Another meal will be a dutch oven chicken noodle soup. My husband has been bucking for a dutch oven for years anyway ever since he watched the movie Lonesome Dove the FIRST time. He wanted to be like Robert Duvall and cook biscuits in the ground and be surrounded by pot belly pigs. Number 1, I told him "Honey, maybe you should start off by learning to cook bisuits in the oven!!!" Number 2, he wanted these pigs to live with us in the house!! (His culinary experience currently consists of velveeta/rotel dip in the microwave and "cooking" pop tarts in the toaster.) He pushed hard for the pigs in the house. I told him he was welcome to have whatever animal his heart desires but none of them will be allowed to live in the house. He continued on to tell me that pot belly pigs are delicate and NEED to be in the house. All this until one day at the feed store buying horse feed, he saw a pen of baby pigs. He made a bee line over to the feed store worker and said "I see here that you have pot belly pigs. Now, they need to live in the house don't they?" as he glanced over at me smugly. The man replied "NO man! They're PIGS!" as I walked away snickering. After that, there was no more talk of biscuits and pigs. Now he just wants me to let him call me Lori Darling. I won't do that either........

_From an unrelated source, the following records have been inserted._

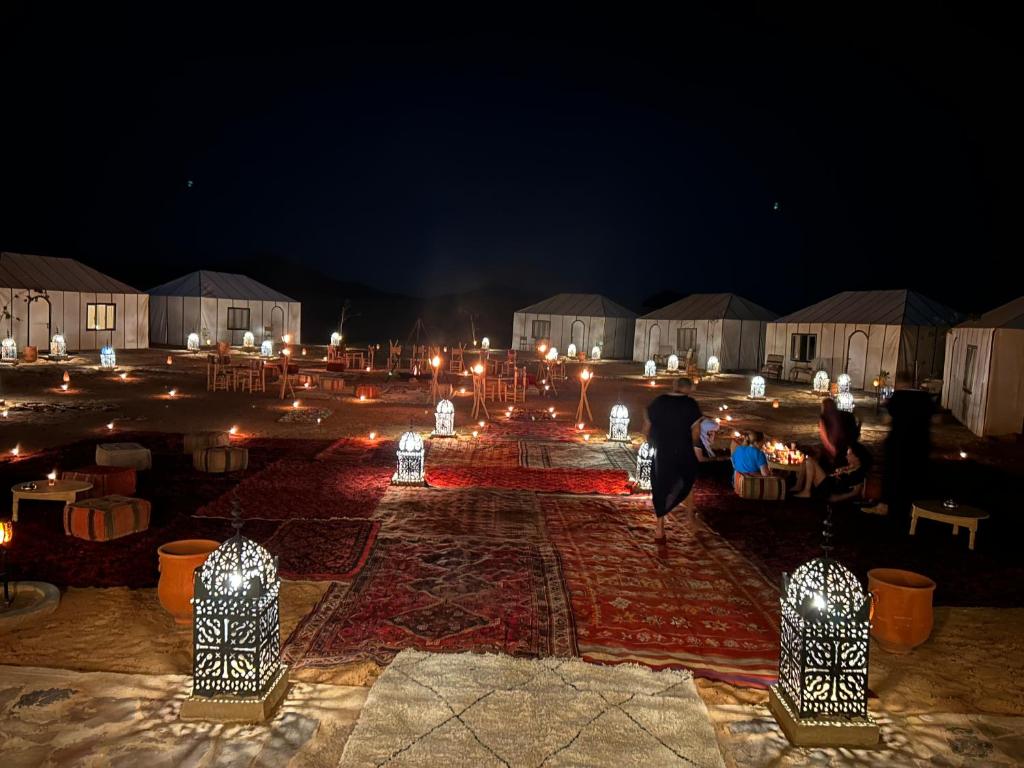 Fotografie z fotogalerie ubytování Camp Sakura Desert Dream v destinaci Merzouga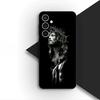Чехол для телефона с изображением креста Иисуса Бога для Samsung Galaxy S22 S21 S20 FE Ultra Plus A07 A17 A15 A16 A25 A57 A37 Корпус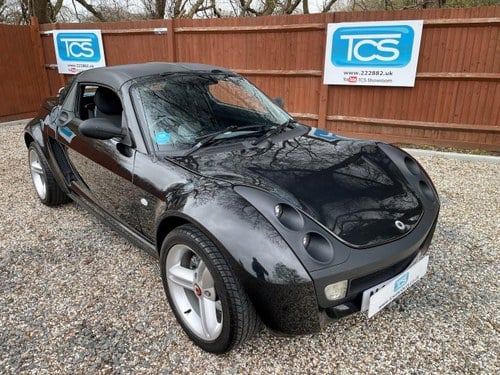 2005 smart Roadster 700cc Turbo VERKAUFT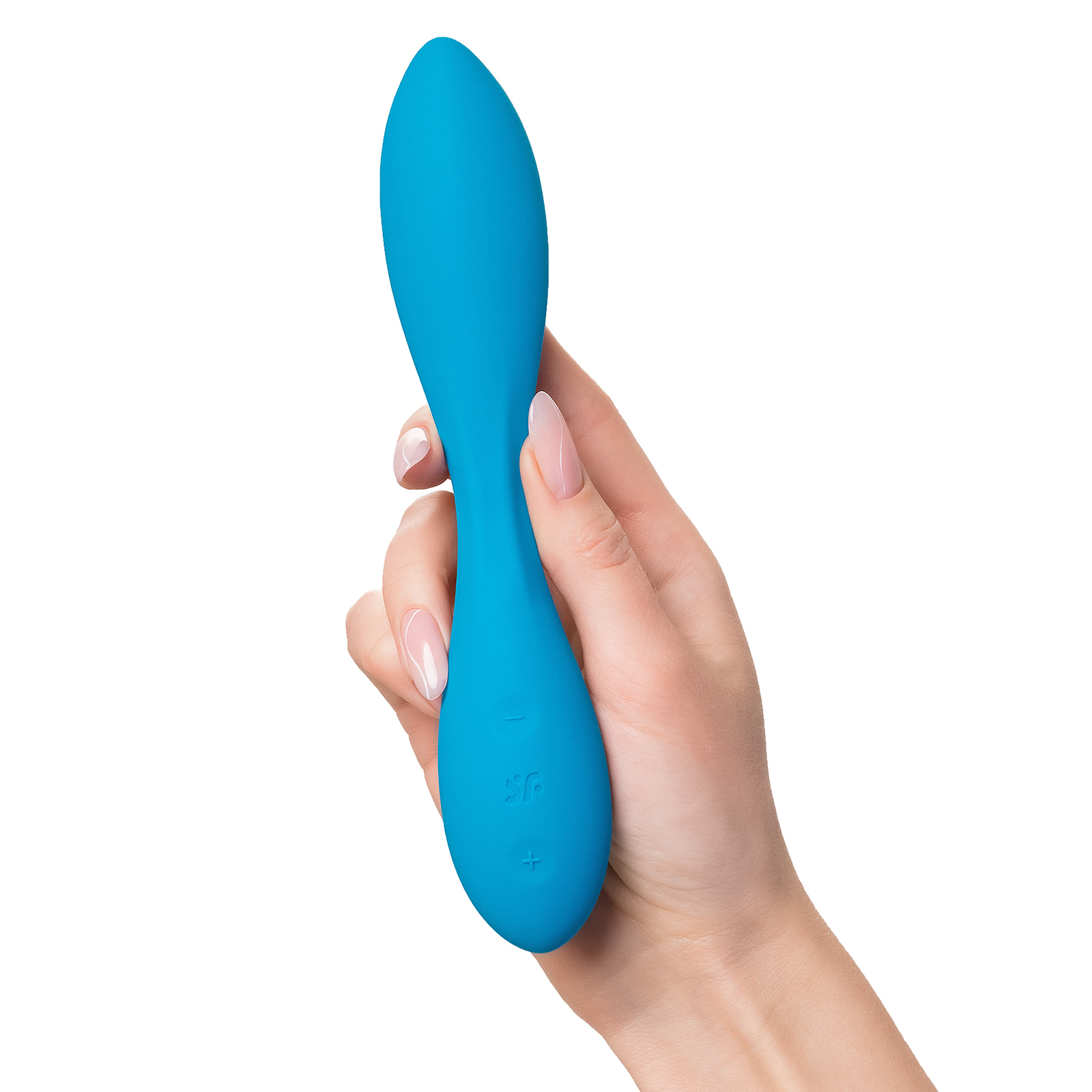 Satisfyer G-Spot Flex 1, бирюзовый, Стимулятор точки G с фиксацией изгиба и другие товары Satisfyer с фото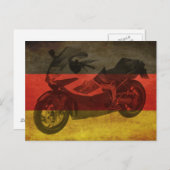 BMW K1300 S BRIEFKAART (Voorkant / Achterkant)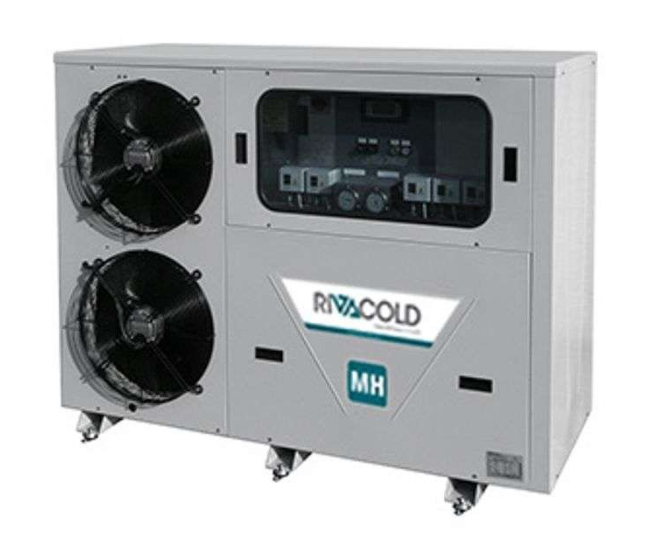Združená kompresorová jednotka s polo-hermetikcým kompresorom -2X2DES-3Y    H2BM245Z2312 Rivacold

Back to the soup. I found a good recipe for Dutch Oven Chicken Noodle Soup here The Survival Mom. It was kind of hard to find dutch oven recipes using only canned or dried foods. She has it all figured out already.
And one other thing I KNOW I will have in a box for a dessert is s'mores. We'll have the fire going and a stressful situation calls for a little fun and comfort food. S'mores are easy keepers, just a box of graham crackers, marshmallows, and chocolate bars.
Have you given thought to "disaster meal kits"? What would yours be?